The problem with INDIA is that, the corniness of the invocation apart, their collective mind is too small to contain the real India
S Prasannarajan S Prasannarajan | 21 Jul, 2023
AS A POLITICAL LABEL, No Labels is a no-brainer. It should be something that comes naturally to the Great Disillusioned in any democracy where the available choices are badly damaged. No Labels, as a ‘movement’, began more than a decade ago in America; now, it senses an urgency, and gets the attention it thinks it deserves in a broken America where labels such as ‘conservative’ and ‘liberal’ have been made irrelevant by their practitioners. Labels, dammit. All the good men and women, from left and right and centre, and driven by commonsense, have been invited to join the unity movement, which, its organisers claim, has more than a million members, among them Republicans, Democrats and independents. According to their ‘Insurance Policy 2024’, “No Labels is working to ensure Americans have the choice to vote for a presidential ticket that features strong, effective, and honest leaders who will commit to working closely with both parties to find the commonsense solutions to America’s biggest problems.” Translation: America needs someone other than Joe Biden and Donald Trump in the White House. This bipartisan idealism may result in a No Labels candidate if the contest becomes a replay of 2020.

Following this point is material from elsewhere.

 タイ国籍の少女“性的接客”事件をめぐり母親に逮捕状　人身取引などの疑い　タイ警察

De-labelling political nirvana is an honourable mission when a fossilised president with a penchant for verbal faux pas (which no media outlet is indexing as they did with his predecessor’s lies) is most likely to be challenged by his old nemesis still steeped in vengeance and grievance. If Democrats who have not abandoned reason prefer a non-Biden in 2024, and if Republicans tired of one man’s personal agenda of injustice want a non-Trump, No Labels, which is led by veterans from both sides, will introduce a candidate of reason. It’s not about who it will be, if at all there’ll be one. It is about alternatives: what we need is not a revolution but a better version of what we dreamed of once; not a rejection of traditions but a renovation of the present. That is the sentiment alternatives like No Labels, which is elitist in its loftier presentation and safely non-committal in its course of the middle path, tap into in the expanding marketplace of disenchantment. It is as if a movement for change need not go beyond the limited endeavour in restoring decencies in politics and lowering the temperature in argument. Alternatives have limited expectations.

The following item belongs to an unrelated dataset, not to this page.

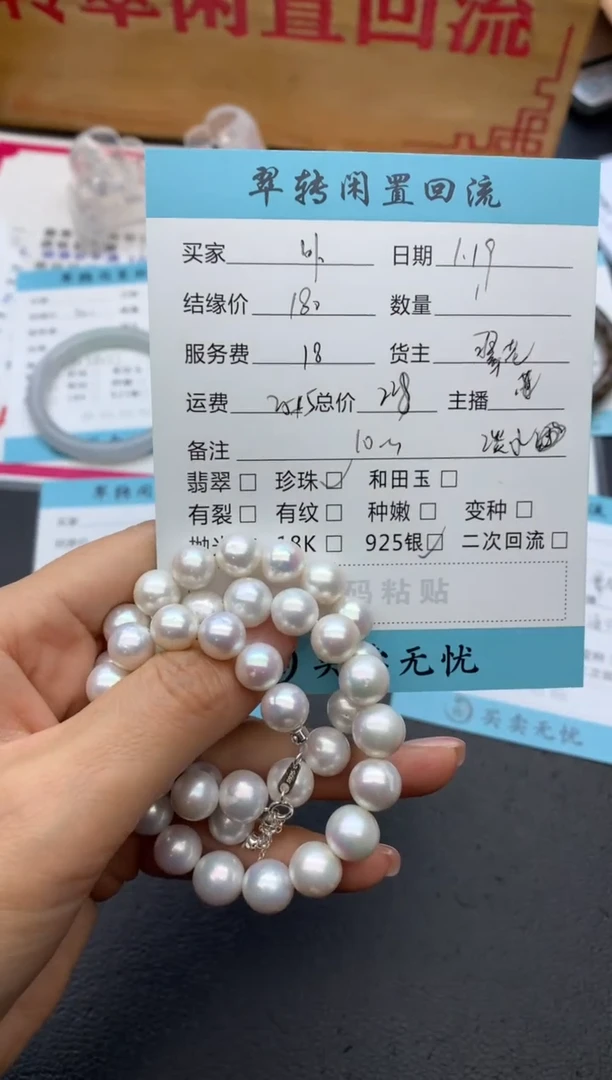 【闪购商品】淡水珍珠手串银S925镶嵌手串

Except perhaps in technology. Switching from Twitter to Threads may not be the perfect example because it is hardly a choice between the old and the new. It’s a choice between the old and the new old. And for the ideologically motivated, it was the end of the search for a Twitter de-Muskified. It is too early to say whether it’s the end, but what is certain is that the billionaire with a libertarian bent of mind, and who is not sufficiently anti-Trump, continues to assault their moral choices. An imitation Twitter soothes the conscience a bit. There are others who use the new because it is new.

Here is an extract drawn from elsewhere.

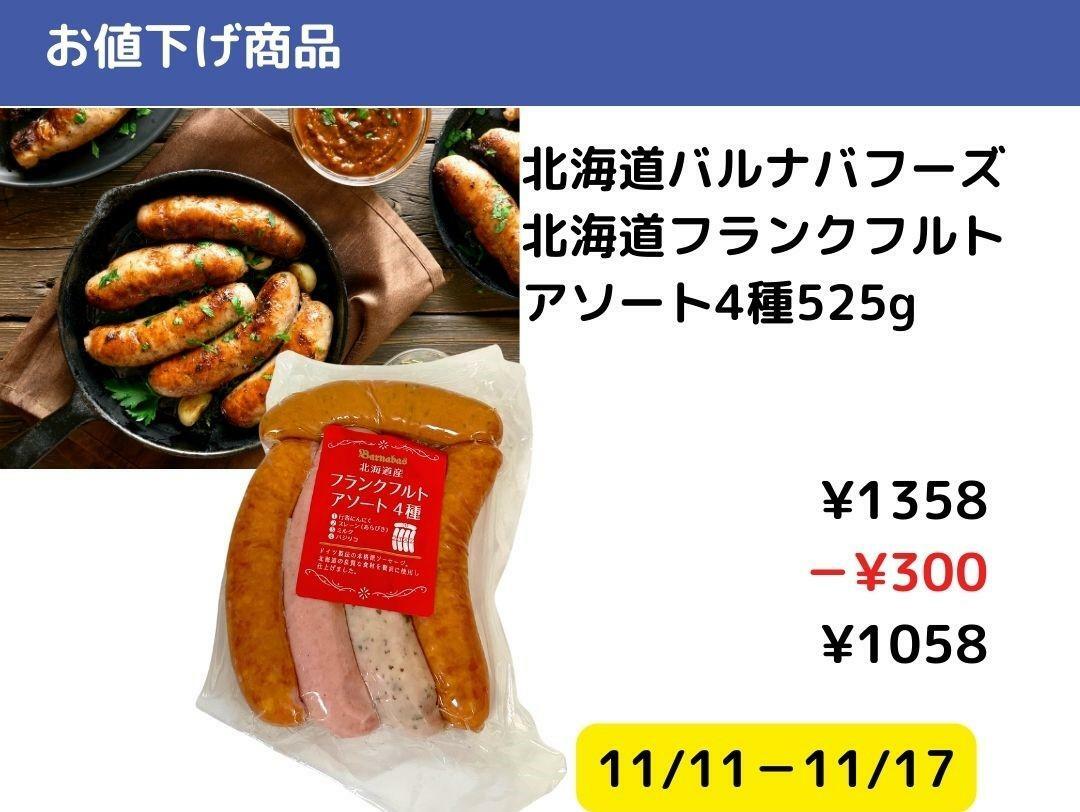 【コストコ】今週買いたいお値下げ商品11/11-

Revolution is elsewhere, in AI, and I must resist an argument about its ethical and human cost in every other oped column I see nowadays. As someone has already said, it doesn’t matter if writers and actors go on an indefinite strike in Hollywood. The smarter non-human will write the script for the next Bond, and the alternative to Daniel Craig could be better toned and wired. Who knows, I may live to read The Brothers Karamazov without the Karamazovs, set in the Nineties Mumbai, written by a machine. We don’t know how long imagination and intuition will remain as the last preserves of humanity, and we don’t know how enslaving or liberating it will be to live in a world we once called science fiction. When Darwin is being reprogrammed by Aldous Huxley, we get an idea of what alternatives mean. Still, didn’t we know what was coming? Isn’t the present wonder taking cue from what the humans imagined yesterday? Alternatives have ceased to surprise.
And certainly when a gaggle of incompatibles, suddenly inspired by the sloganeering possibilities of an acronym, fantasises about winning India by chanting I-N-D-I-A. This name of the biggest tent in Indian politics is seen by some as clever. It may have the cleverness of an undergraduate competition on patriotism, desperately seeking words, no matter how unoriginal or clumsy, to fit what the contestants think is a blockbuster invocation. Imagine our current contestants in the newly formed opposition alliance on the stump, asking India to vote for INDIA, so pleased with the phonetics of unity. The problem is that, the corniness of the invocation apart, their collective mind is too small and provincial to contain the real India. Acronyms can’t redeem all those damaged pols envisioning an alternative to Narendra Modi’s India from Bengaluru.
The limits of alternatives do not minimise the passion for change, even if INDIA is home to people who are left behind by India.